Nova’s lips part. “Oh.”
I nod once.
“Do you have siblings?” she asks, quieter now.
“No.”
Her throat works. “So it’s just you.”
I don’t answer.
Becauseyes.
Because I don’t know how to live any other way.
Nova shifts in her chair like she wants to reach across the table and touch my hand, but she doesn’t. She keeps her hands in her lap like she’s afraid of taking.

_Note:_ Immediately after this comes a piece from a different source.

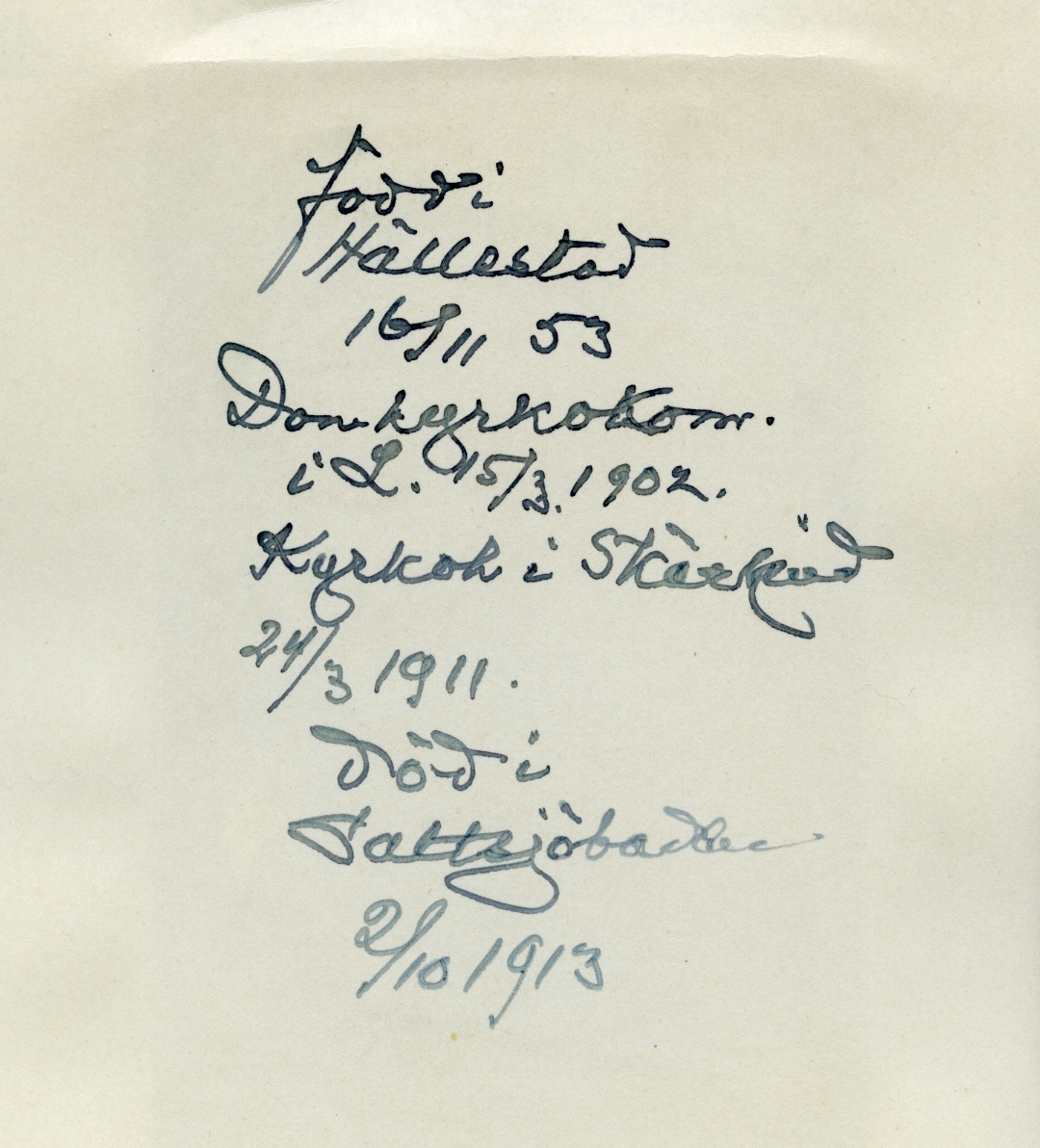 Porträtt av kyrkoherde Ernst Richard Petersson. Gift 1884 med Märtha Ingegerd Lindstedt. Blev 1902 Domkyrkokomminister i Linköping och senare kyrkoherde i Skärkind 1911.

Then she says softly, “That’s why you’re… like this.”
I lift my gaze.
She holds it, nervous but steady.
“Like what?” I ask.
She swallows. “Quiet. Like you’re… used to carrying things alone.”
My chest tightens again.
She sees too much.
I don’t like it.
Or I like it too much.
I lean back slightly and force the conversation somewhere safer. “What about you?”

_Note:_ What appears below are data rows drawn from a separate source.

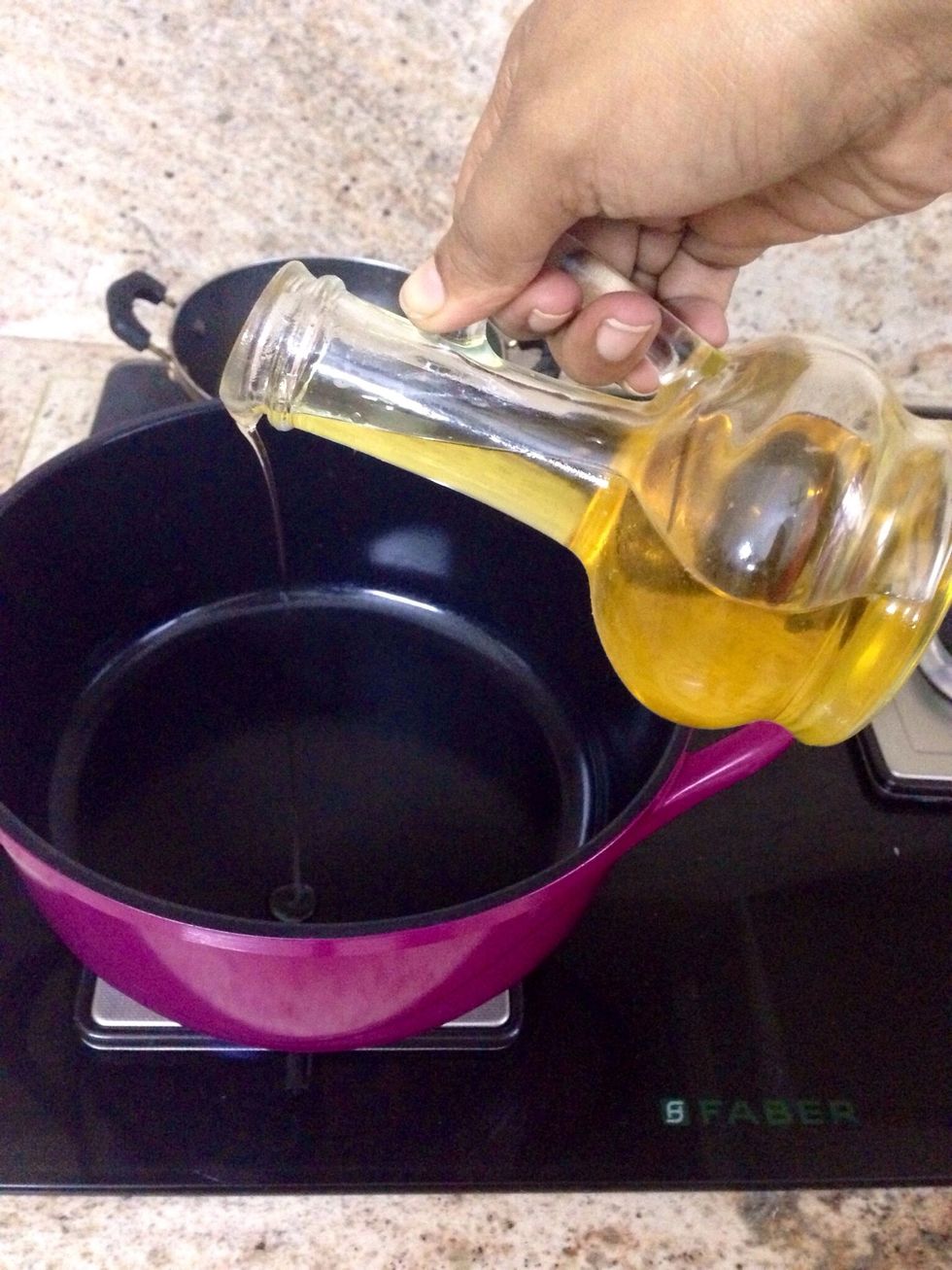 Heat a pot / wok and add 2 tbsp of sesame oil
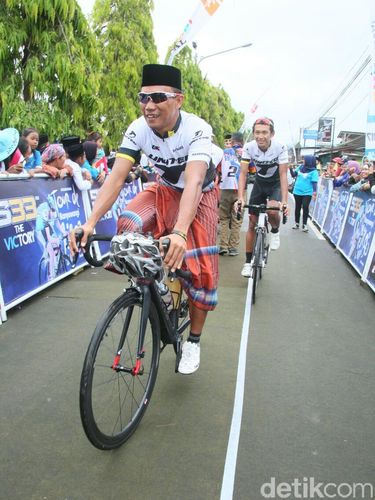 Peserta Tour de Banyuwangi Ijen Dikenalkan Tradisi Pesantren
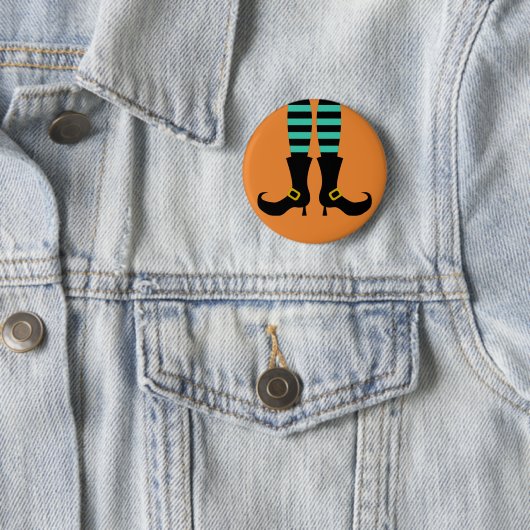 Badge Rond 5 Cm Joyeuse Jambe de sorcière Halloween (En situation)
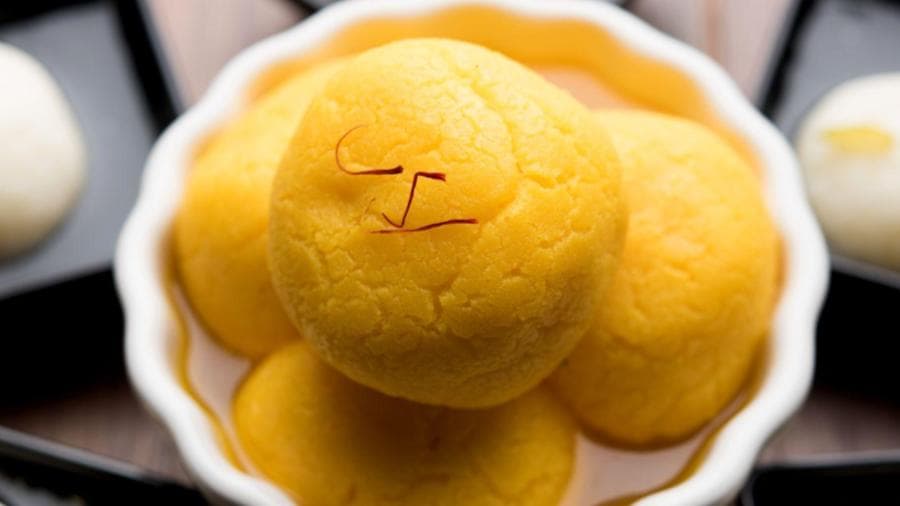 <p><em>Kamalabhog is Rajbhog with a hint of orange. (Shutterstock)</em></p>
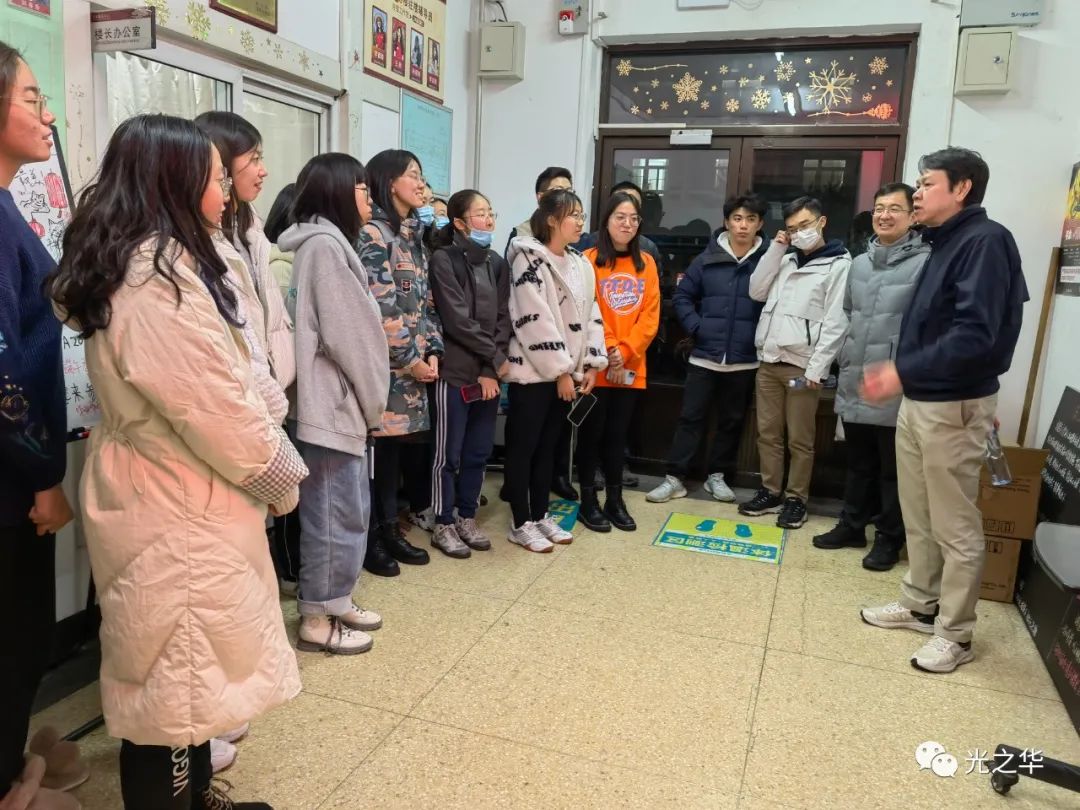 E2FC997CAA956D15943F5780988_B72C5120_27957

Nova’s shoulders go stiff.
There it is.
The flinch.
The reflex.
I watch it happen and my protective instincts stir again, low and angry.
She takes a breath. “I don’t really have family.”
“What do you mean,” I ask.
She shrugs, but it’s a thin shrug. A practiced one. “They exist. They’re just… distant. Busy. Not the kind of people who call.”
My jaw tightens.
I know that kind of family.
The kind that leaves you to raise yourself and then acts surprised when you don’t ask for help.